- Provided material:

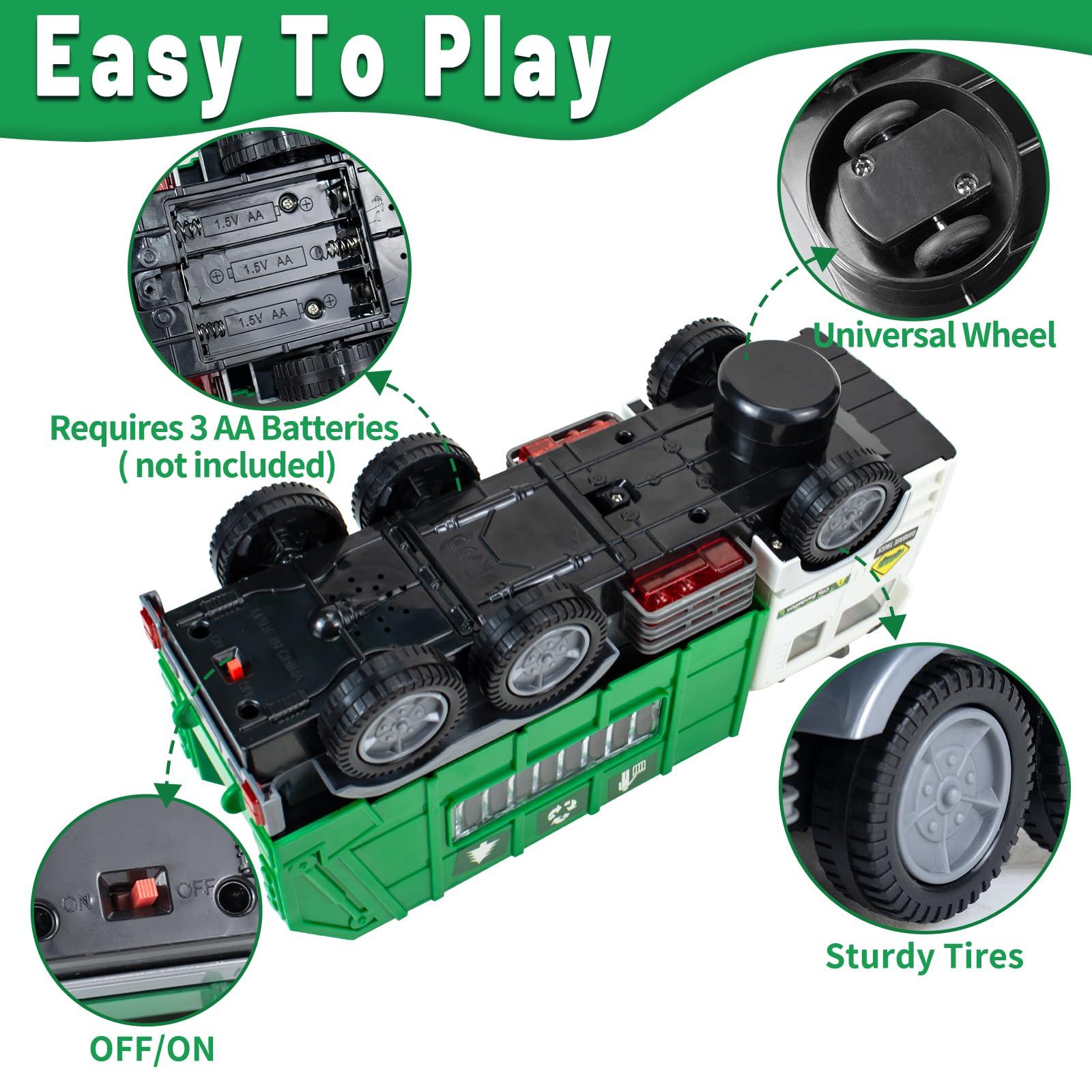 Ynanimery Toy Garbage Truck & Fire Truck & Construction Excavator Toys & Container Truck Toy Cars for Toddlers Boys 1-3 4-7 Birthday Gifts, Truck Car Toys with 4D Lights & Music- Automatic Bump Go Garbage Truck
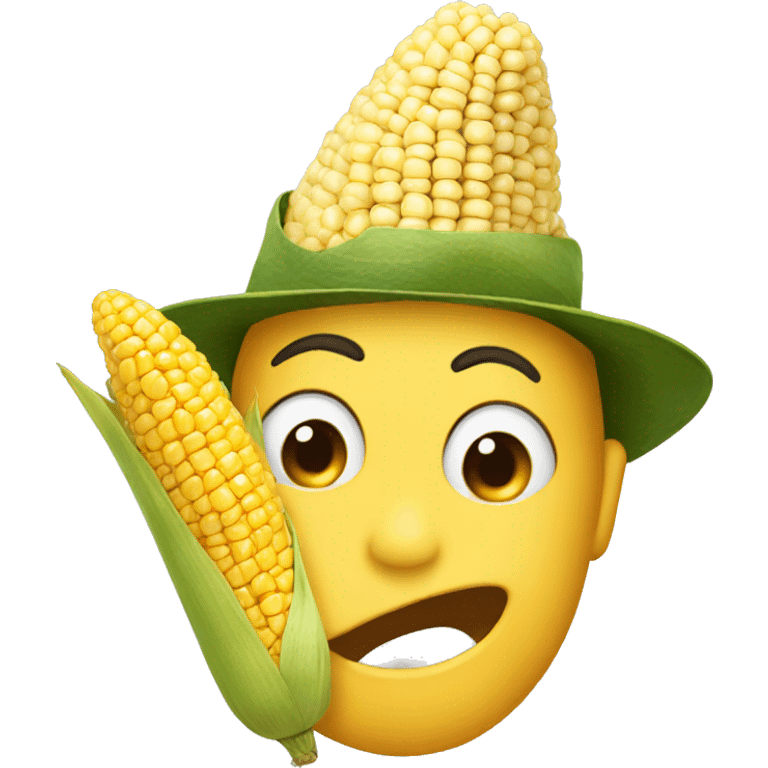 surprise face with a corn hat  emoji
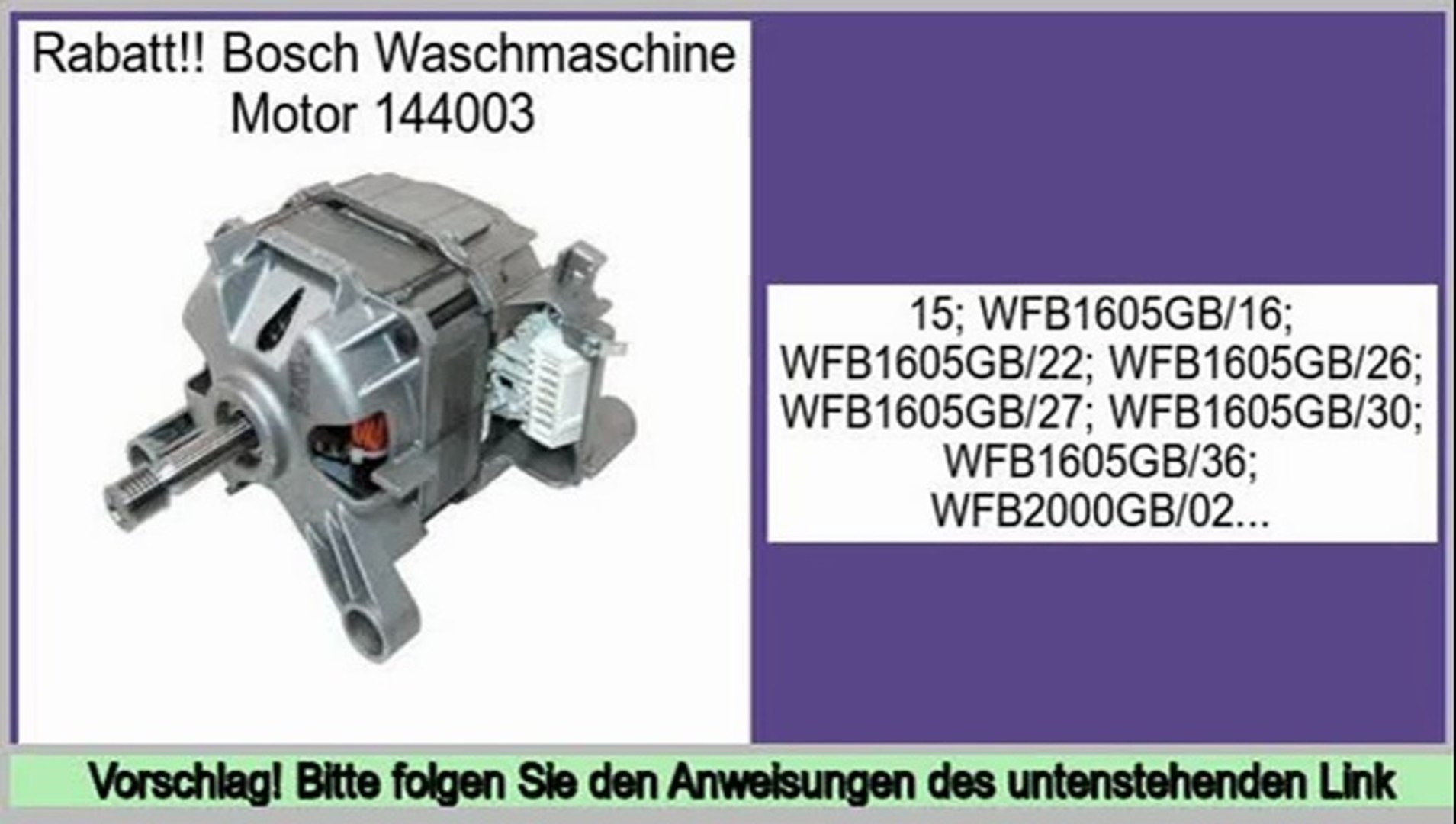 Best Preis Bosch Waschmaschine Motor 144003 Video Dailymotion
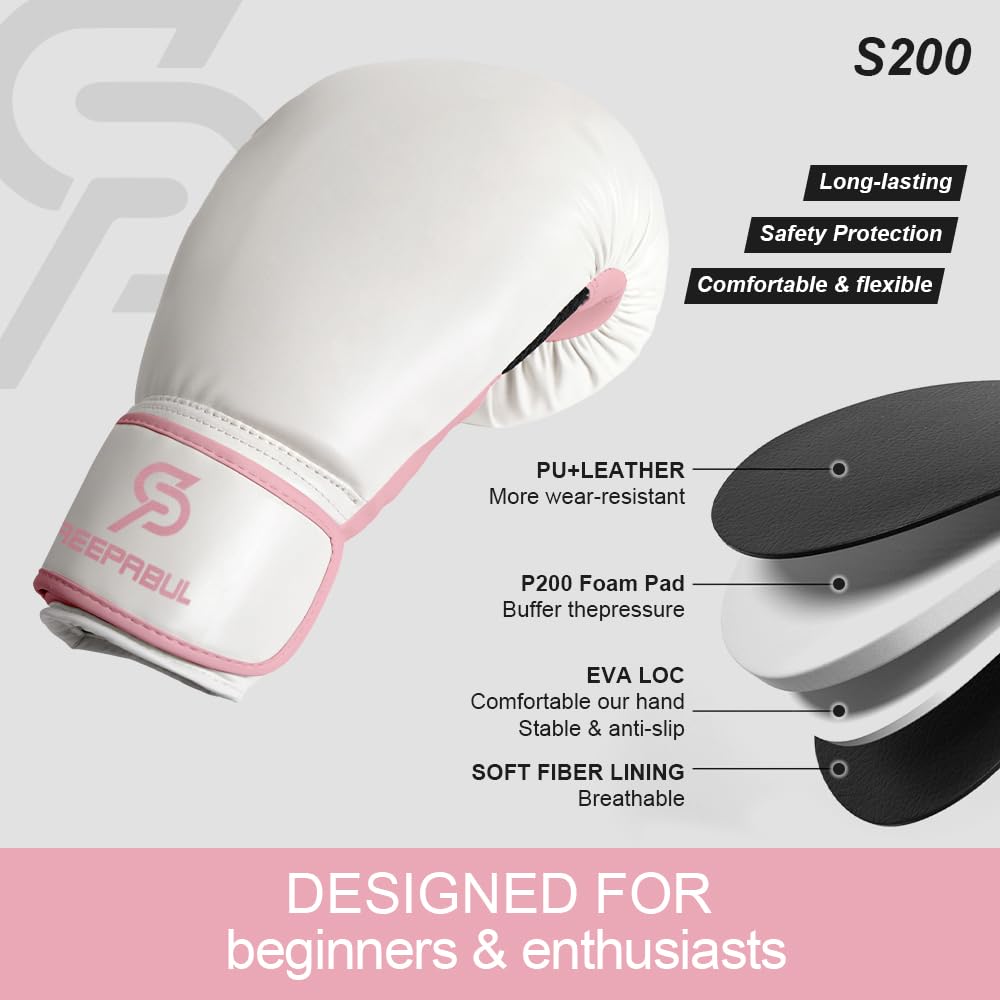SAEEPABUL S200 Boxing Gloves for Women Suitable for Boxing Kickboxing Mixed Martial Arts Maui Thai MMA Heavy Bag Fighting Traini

- Exercise requirements:
To complete this exercise, repeat exactly the lines above from the one holding "Best Preis Bosch" to the end of the listing, both included, and leave the pictures out.

- Solution for this task:
 Best Preis Bosch Waschmaschine Motor 144003 Video Dailymotion
SAEEPABUL S200 Boxing Gloves for Women Suitable for Boxing Kickboxing Mixed Martial Arts Maui Thai MMA Heavy Bag Fighting Traini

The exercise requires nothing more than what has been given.